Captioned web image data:
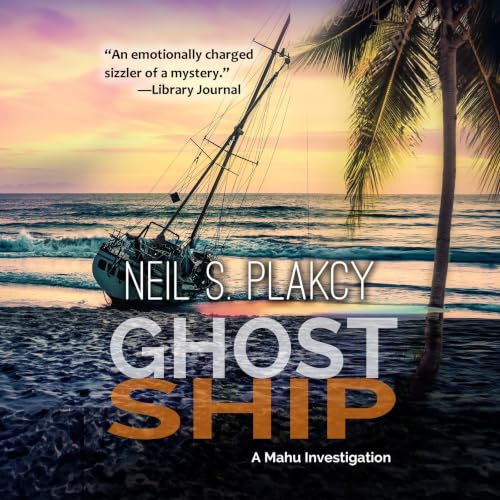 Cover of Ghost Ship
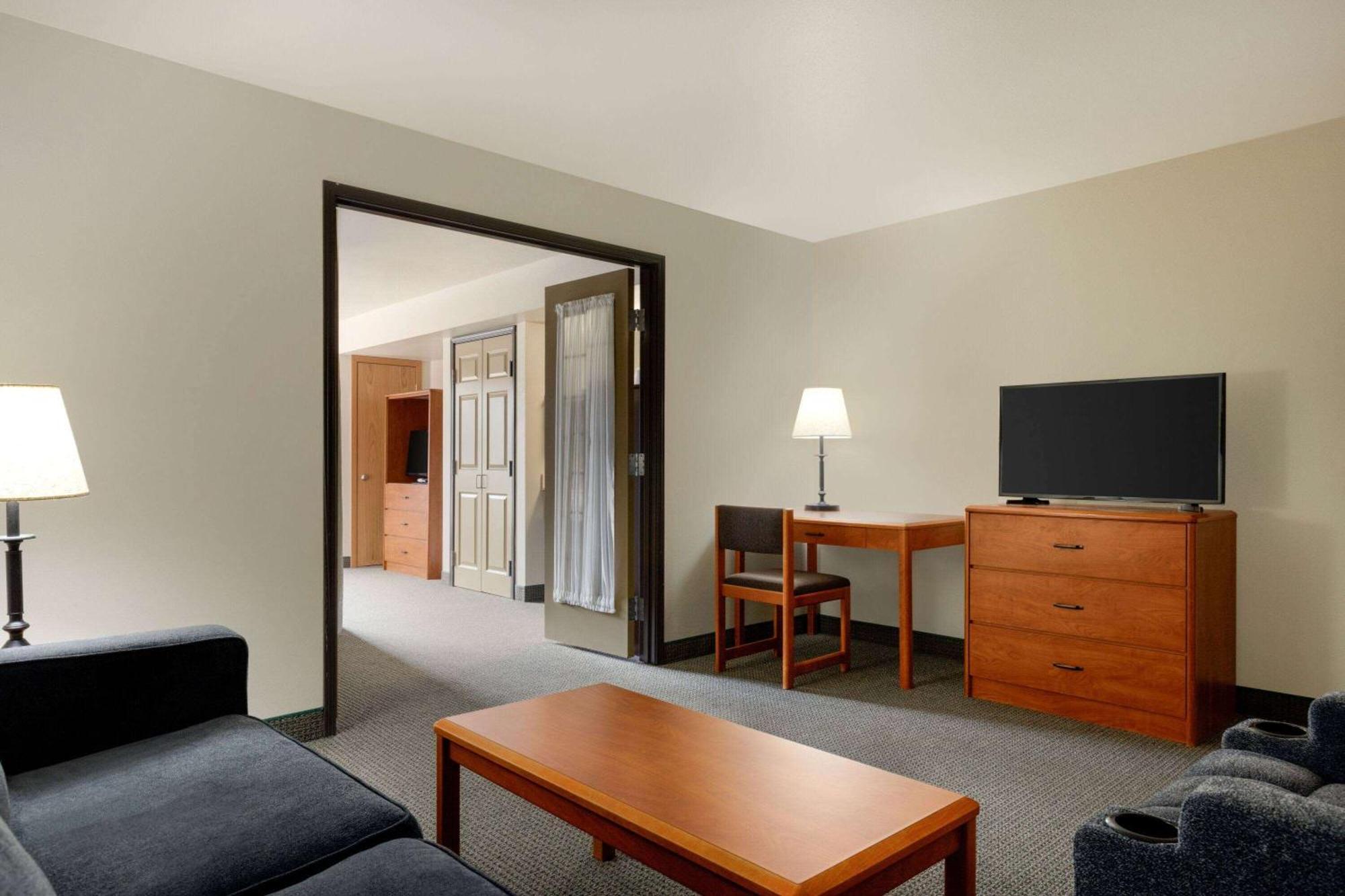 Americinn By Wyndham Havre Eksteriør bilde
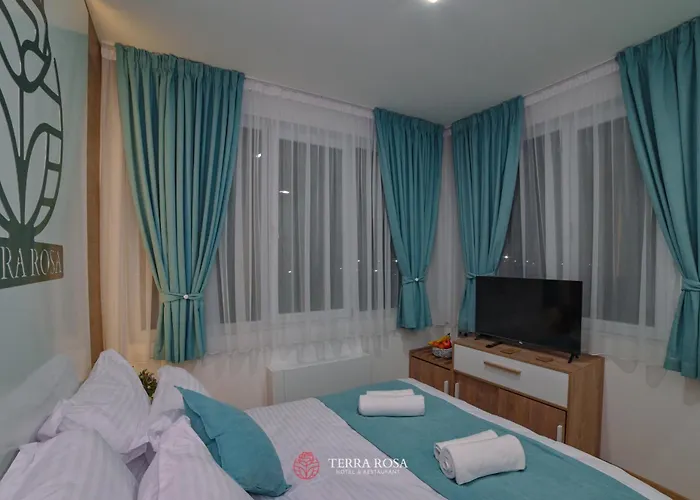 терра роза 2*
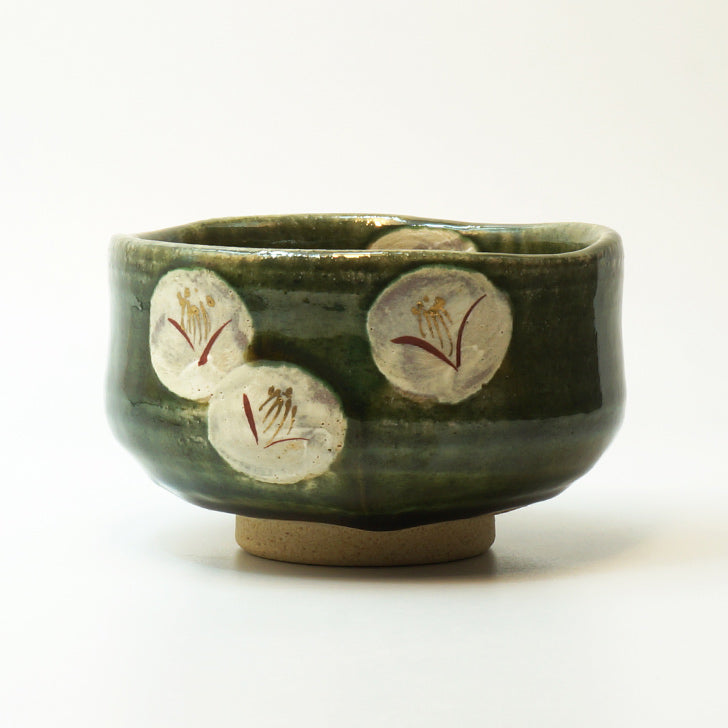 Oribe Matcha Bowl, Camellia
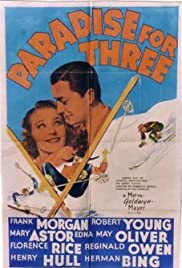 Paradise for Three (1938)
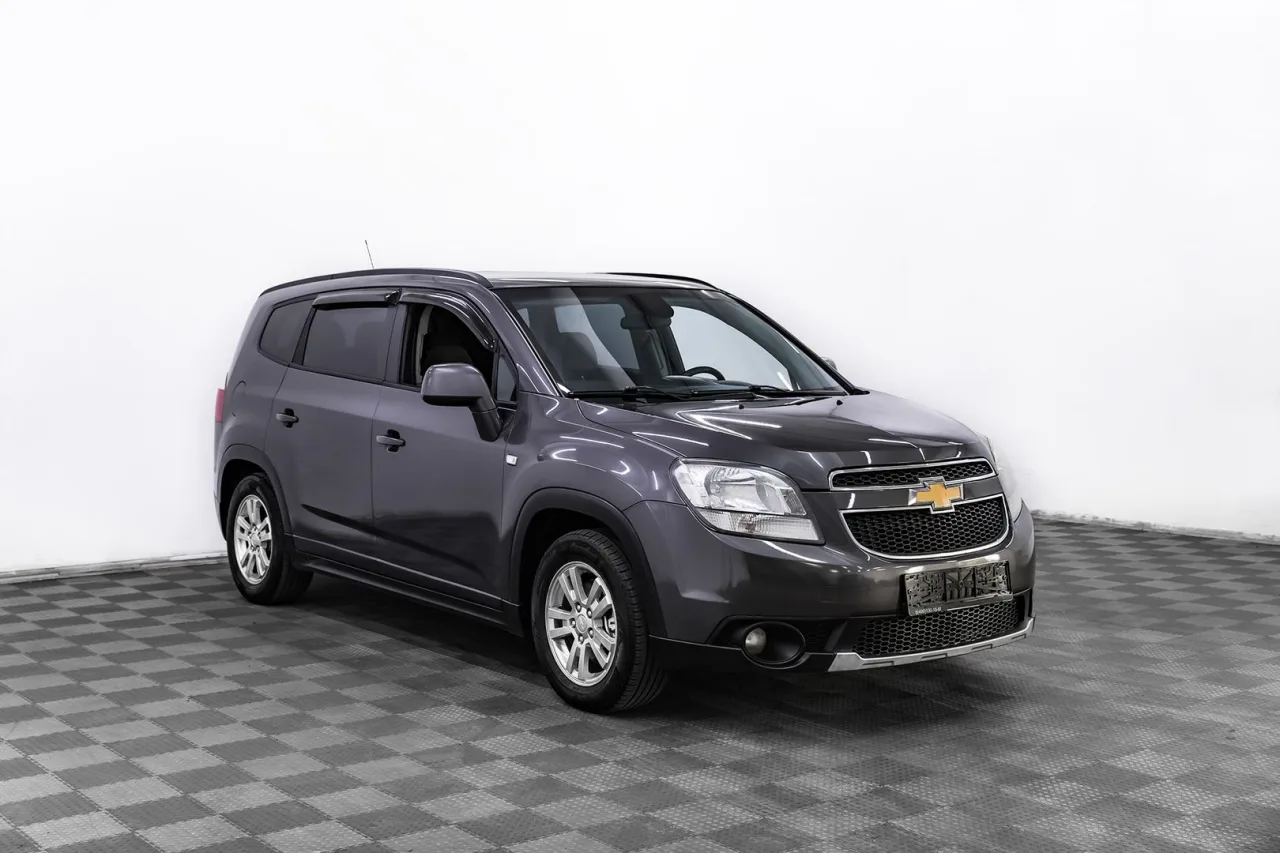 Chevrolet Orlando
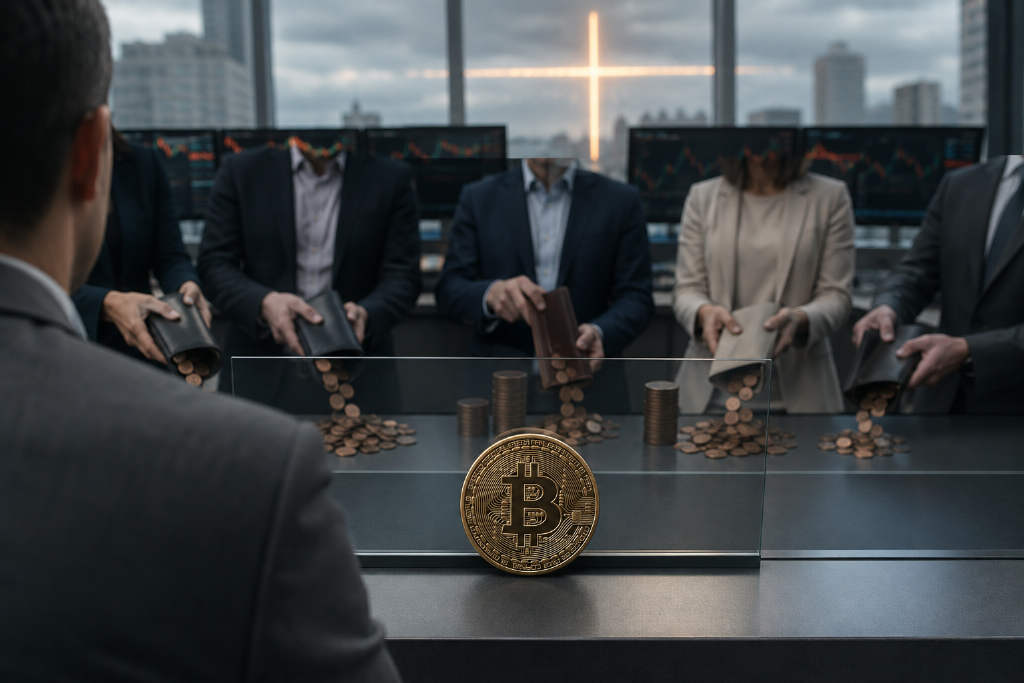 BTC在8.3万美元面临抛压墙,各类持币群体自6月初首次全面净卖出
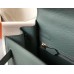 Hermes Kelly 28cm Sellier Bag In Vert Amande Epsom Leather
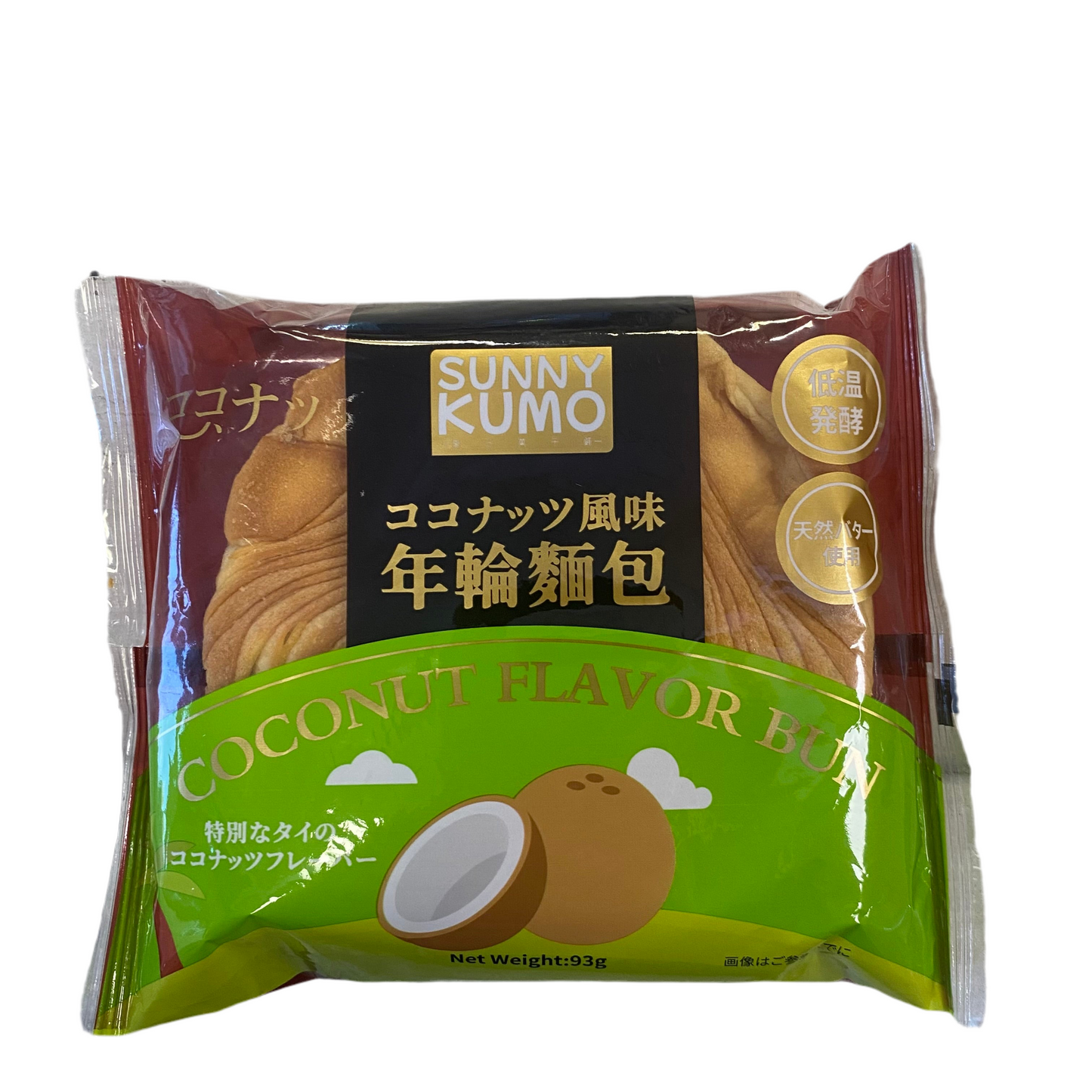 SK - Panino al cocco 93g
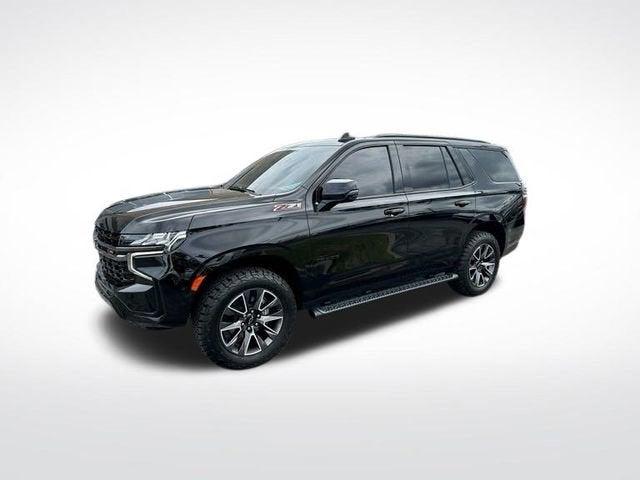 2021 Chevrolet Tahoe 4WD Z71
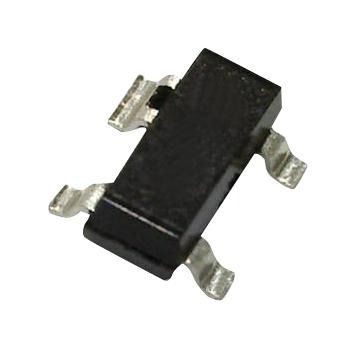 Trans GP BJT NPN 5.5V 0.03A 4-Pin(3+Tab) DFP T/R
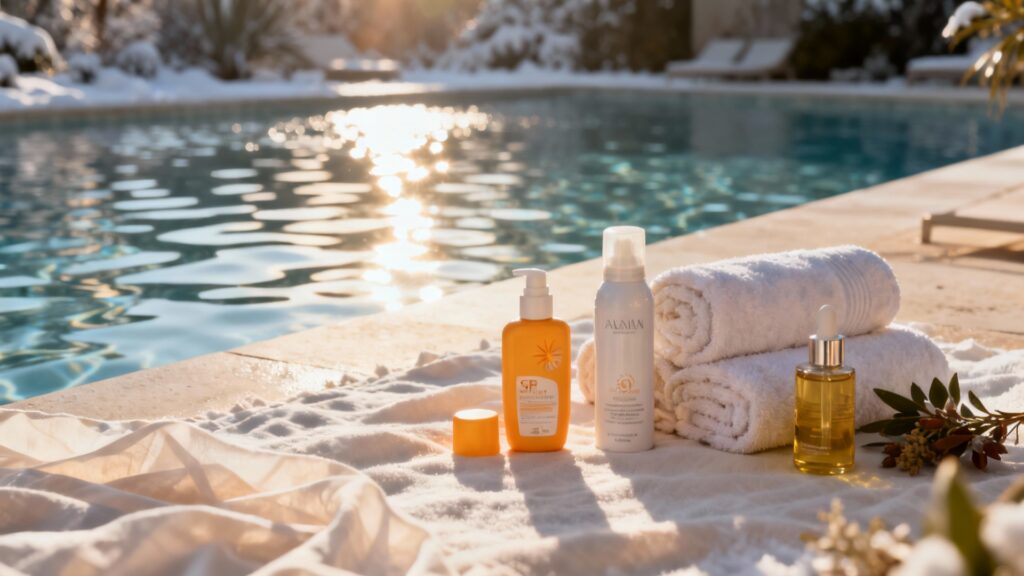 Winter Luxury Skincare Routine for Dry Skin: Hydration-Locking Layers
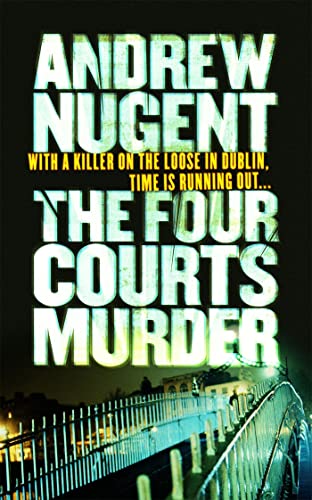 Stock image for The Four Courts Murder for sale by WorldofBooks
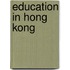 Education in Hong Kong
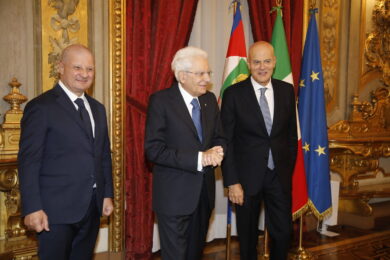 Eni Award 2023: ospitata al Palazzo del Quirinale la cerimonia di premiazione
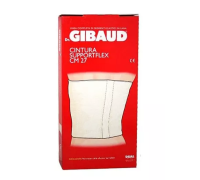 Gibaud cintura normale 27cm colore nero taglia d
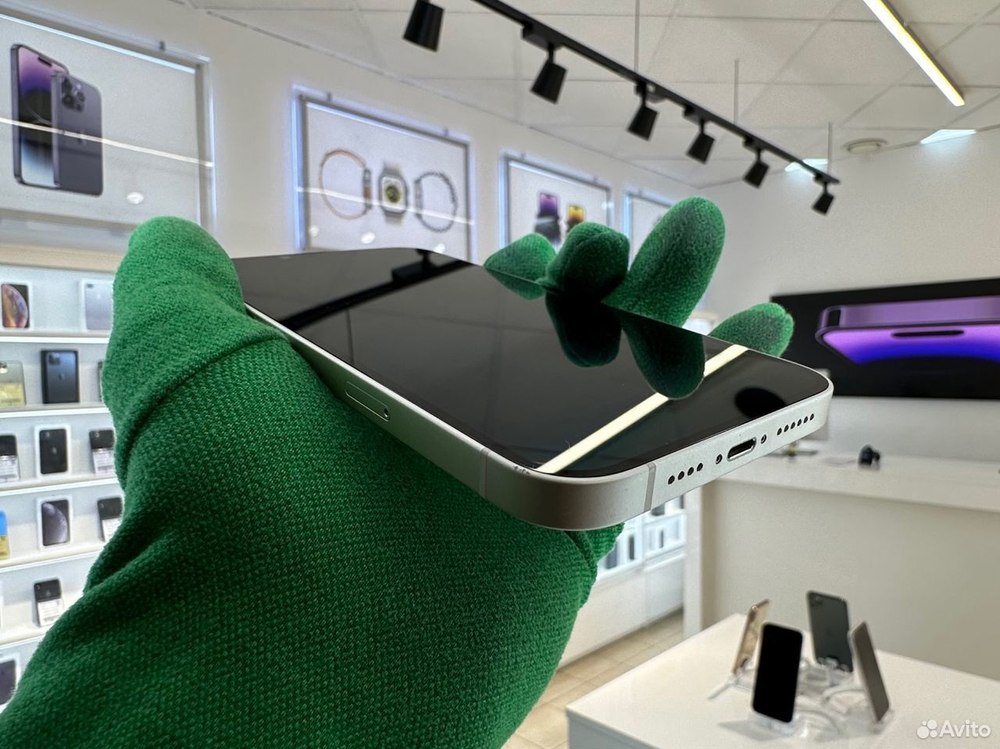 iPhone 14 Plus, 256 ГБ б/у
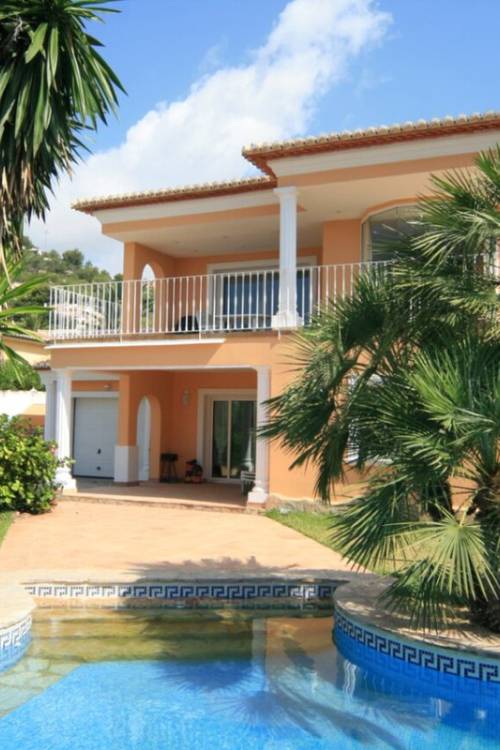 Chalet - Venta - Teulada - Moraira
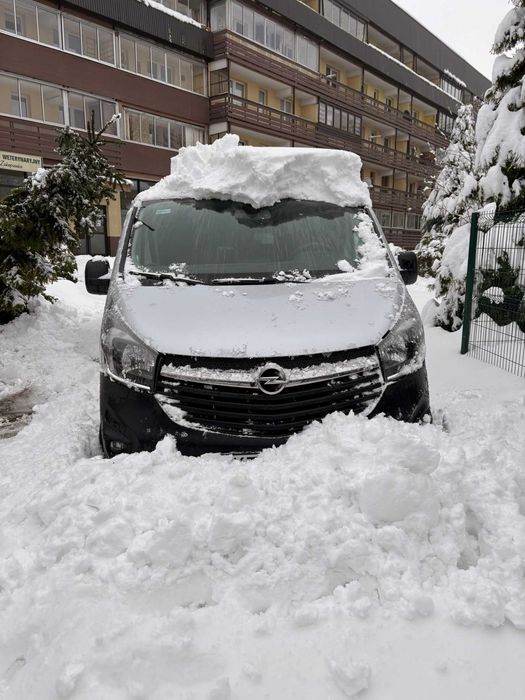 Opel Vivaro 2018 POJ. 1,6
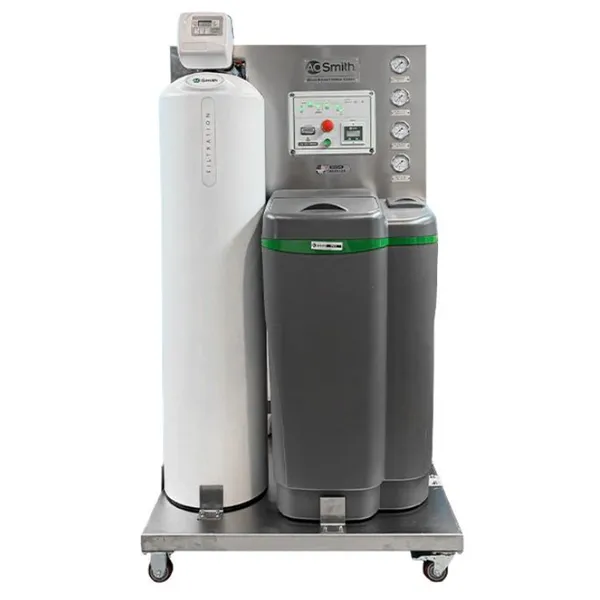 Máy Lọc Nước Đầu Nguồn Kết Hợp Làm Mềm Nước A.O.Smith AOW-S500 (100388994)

REQUIRED WORK
From the line containing "терра роза 2*" down to the last line of the data above, transcribe exactly those lines and no others; omit the pictures.

TASK ANSWER
 терра роза 2*
 Oribe Matcha Bowl, Camellia
 Paradise for Three (1938)
 Chevrolet Orlando
 BTC在8.3万美元面临抛压墙,各类持币群体自6月初首次全面净卖出
 Hermes Kelly 28cm Sellier Bag In Vert Amande Epsom Leather
 SK - Panino al cocco 93g
 2021 Chevrolet Tahoe 4WD Z71
 Trans GP BJT NPN 5.5V 0.03A 4-Pin(3+Tab) DFP T/R
 Winter Luxury Skincare Routine for Dry Skin: Hydration-Locking Layers
 Stock image for The Four Courts Murder for sale by WorldofBooks
 Education in Hong Kong
 Eni Award 2023: ospitata al Palazzo del Quirinale la cerimonia di premiazione
 Gibaud cintura normale 27cm colore nero taglia d
 iPhone 14 Plus, 256 ГБ б/у
 Chalet - Venta - Teulada - Moraira
 Opel Vivaro 2018 POJ. 1,6
 Máy Lọc Nước Đầu Nguồn Kết Hợp Làm Mềm Nước A.O.Smith AOW-S500 (100388994)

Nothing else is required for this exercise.